▶ [WORK TO BE COMPLETED] Begin at the line containing "2020 Winter cheap" in the entries below and end at the line containing "Asymmetric T-shirt-Brown"; transcribe that range exactly and nothing outside it.

::::::

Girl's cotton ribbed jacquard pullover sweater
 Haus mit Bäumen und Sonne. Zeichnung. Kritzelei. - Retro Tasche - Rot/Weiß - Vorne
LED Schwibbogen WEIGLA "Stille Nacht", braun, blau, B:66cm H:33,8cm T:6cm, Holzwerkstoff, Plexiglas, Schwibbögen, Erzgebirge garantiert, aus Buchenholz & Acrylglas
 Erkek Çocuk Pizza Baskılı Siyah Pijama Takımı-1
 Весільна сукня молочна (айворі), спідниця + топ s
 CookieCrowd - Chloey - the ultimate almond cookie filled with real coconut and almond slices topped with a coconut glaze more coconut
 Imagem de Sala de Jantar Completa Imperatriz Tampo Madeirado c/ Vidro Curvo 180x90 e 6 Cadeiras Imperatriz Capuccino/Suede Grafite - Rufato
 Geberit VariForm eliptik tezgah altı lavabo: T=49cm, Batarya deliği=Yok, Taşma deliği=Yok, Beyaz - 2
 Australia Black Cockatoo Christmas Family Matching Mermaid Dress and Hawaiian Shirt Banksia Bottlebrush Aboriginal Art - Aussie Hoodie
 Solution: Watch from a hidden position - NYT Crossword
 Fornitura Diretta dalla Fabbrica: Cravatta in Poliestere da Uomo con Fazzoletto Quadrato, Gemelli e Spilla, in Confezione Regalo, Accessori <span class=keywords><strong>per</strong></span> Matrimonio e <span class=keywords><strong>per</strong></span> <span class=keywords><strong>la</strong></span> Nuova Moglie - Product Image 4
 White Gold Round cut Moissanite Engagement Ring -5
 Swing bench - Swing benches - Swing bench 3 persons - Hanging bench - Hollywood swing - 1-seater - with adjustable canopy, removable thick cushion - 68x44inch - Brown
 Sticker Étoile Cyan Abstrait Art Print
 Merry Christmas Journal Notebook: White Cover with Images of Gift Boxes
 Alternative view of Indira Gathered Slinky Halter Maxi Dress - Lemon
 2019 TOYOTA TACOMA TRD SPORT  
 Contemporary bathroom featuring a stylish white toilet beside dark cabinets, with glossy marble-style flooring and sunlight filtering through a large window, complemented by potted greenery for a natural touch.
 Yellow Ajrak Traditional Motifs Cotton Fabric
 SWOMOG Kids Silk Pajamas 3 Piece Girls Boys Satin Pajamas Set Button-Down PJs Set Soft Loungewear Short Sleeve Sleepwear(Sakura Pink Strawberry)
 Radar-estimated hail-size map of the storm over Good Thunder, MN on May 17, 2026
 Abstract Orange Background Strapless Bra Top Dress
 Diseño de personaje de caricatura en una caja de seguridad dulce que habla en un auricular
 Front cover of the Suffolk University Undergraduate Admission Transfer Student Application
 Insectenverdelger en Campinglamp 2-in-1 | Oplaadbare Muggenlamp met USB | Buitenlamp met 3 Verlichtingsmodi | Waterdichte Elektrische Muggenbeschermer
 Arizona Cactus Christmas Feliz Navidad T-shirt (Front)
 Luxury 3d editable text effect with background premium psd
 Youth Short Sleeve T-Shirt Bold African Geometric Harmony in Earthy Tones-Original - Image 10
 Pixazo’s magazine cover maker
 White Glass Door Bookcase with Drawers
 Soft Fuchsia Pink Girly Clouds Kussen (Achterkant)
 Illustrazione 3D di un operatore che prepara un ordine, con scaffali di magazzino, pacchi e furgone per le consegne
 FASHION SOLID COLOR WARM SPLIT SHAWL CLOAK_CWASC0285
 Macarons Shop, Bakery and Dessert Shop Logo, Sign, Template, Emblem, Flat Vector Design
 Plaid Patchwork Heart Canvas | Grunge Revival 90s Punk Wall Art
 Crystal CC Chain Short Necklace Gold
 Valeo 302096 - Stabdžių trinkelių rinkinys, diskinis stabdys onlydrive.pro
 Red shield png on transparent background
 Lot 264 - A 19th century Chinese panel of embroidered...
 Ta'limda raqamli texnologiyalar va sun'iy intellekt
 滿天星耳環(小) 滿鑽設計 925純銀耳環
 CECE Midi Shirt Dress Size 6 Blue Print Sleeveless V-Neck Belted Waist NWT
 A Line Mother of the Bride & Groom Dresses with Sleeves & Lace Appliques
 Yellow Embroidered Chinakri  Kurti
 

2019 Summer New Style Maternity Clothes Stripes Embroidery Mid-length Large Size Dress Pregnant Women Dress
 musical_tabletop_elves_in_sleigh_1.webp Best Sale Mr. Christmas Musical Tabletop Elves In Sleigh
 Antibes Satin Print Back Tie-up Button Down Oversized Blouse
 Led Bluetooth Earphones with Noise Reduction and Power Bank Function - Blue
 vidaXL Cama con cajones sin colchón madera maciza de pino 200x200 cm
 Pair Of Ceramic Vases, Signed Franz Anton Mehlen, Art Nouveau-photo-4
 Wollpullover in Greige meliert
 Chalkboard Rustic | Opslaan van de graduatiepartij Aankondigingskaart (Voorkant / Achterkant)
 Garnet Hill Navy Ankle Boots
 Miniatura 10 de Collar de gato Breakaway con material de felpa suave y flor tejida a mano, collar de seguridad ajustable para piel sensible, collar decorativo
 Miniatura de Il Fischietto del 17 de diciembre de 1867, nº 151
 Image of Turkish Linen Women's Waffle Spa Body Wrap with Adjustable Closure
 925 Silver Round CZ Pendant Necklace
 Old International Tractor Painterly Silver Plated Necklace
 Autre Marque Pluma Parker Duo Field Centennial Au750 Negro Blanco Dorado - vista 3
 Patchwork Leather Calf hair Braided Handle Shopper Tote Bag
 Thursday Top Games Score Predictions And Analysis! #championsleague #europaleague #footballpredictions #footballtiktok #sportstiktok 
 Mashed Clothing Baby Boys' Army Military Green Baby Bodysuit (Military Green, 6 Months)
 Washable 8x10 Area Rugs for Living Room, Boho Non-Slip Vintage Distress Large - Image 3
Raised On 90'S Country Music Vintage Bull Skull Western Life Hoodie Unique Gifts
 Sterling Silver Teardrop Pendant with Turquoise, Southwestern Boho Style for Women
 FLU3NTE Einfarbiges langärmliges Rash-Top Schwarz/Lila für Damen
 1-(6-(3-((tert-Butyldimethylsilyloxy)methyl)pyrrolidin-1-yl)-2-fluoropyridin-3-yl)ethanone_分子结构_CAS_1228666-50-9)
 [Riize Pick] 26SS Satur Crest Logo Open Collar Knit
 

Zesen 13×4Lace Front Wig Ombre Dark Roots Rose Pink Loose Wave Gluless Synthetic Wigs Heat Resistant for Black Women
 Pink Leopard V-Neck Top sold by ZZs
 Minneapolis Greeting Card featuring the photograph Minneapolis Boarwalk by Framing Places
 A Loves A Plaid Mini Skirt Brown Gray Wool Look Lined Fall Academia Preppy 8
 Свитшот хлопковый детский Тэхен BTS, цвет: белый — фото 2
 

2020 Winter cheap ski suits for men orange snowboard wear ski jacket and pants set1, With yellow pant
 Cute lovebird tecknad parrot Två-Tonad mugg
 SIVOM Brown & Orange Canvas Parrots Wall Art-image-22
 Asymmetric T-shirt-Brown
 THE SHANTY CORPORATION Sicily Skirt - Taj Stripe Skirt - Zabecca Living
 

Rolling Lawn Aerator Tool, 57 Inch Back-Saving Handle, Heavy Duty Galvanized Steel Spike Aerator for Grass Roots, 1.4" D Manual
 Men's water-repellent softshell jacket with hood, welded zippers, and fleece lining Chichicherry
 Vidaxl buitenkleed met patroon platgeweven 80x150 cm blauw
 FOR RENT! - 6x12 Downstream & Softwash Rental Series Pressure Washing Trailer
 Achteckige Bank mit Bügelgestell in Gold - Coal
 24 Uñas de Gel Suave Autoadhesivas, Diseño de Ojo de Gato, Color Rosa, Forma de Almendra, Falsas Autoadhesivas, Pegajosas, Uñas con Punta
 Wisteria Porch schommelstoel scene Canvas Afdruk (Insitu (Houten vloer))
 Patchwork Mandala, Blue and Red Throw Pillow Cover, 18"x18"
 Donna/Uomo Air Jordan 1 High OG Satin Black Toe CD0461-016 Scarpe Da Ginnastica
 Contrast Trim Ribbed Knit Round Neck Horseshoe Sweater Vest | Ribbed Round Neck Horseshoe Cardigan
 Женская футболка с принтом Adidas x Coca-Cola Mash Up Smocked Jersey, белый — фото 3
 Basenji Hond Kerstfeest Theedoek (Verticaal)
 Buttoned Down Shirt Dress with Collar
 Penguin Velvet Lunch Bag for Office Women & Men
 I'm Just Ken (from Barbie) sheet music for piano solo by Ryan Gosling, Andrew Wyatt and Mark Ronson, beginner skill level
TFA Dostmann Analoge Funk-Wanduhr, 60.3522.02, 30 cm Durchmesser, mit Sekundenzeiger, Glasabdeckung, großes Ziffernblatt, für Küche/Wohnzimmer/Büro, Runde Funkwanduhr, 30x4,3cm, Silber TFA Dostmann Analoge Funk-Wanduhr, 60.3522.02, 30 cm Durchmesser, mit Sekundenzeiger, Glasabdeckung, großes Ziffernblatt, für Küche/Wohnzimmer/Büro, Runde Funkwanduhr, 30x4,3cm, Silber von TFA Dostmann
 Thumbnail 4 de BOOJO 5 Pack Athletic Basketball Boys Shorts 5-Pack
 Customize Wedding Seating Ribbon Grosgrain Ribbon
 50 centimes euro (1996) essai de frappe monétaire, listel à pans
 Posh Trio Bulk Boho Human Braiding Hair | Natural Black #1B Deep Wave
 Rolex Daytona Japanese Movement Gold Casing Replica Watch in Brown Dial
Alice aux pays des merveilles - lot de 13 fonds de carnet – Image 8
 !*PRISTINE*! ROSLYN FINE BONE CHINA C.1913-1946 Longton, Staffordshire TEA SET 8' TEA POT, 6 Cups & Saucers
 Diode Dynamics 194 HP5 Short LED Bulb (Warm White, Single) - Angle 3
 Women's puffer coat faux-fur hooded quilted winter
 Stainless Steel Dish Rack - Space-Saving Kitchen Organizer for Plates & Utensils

::::::

▶ [OUTPUT OF THE EXERCISE]
2020 Winter cheap ski suits for men orange snowboard wear ski jacket and pants set1, With yellow pant
 Cute lovebird tecknad parrot Två-Tonad mugg
 SIVOM Brown & Orange Canvas Parrots Wall Art-image-22
 Asymmetric T-shirt-Brown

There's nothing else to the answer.